(Instructions to follow) In the material below, the lines between the one holding "Fenêtre cintrée à" and the one holding "A black angrakha-style", inclusive, are to be set down word for word. Pictures stay out.

(Source material)

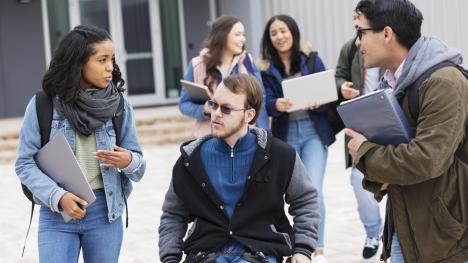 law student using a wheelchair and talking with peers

==

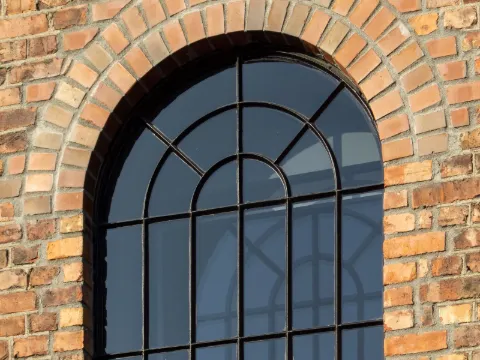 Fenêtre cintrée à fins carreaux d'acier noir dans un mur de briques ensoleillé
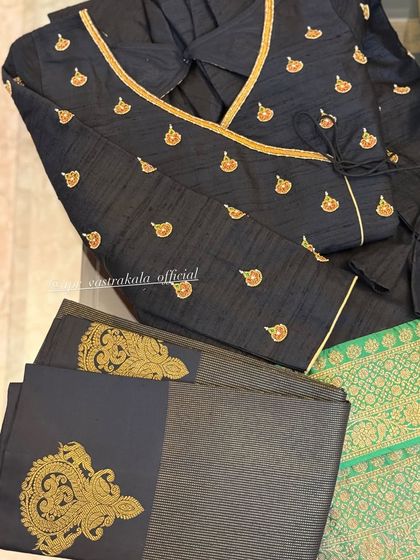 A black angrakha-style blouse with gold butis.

(Solution for this exercise)
 Fenêtre cintrée à fins carreaux d'acier noir dans un mur de briques ensoleillé
 A black angrakha-style blouse with gold butis.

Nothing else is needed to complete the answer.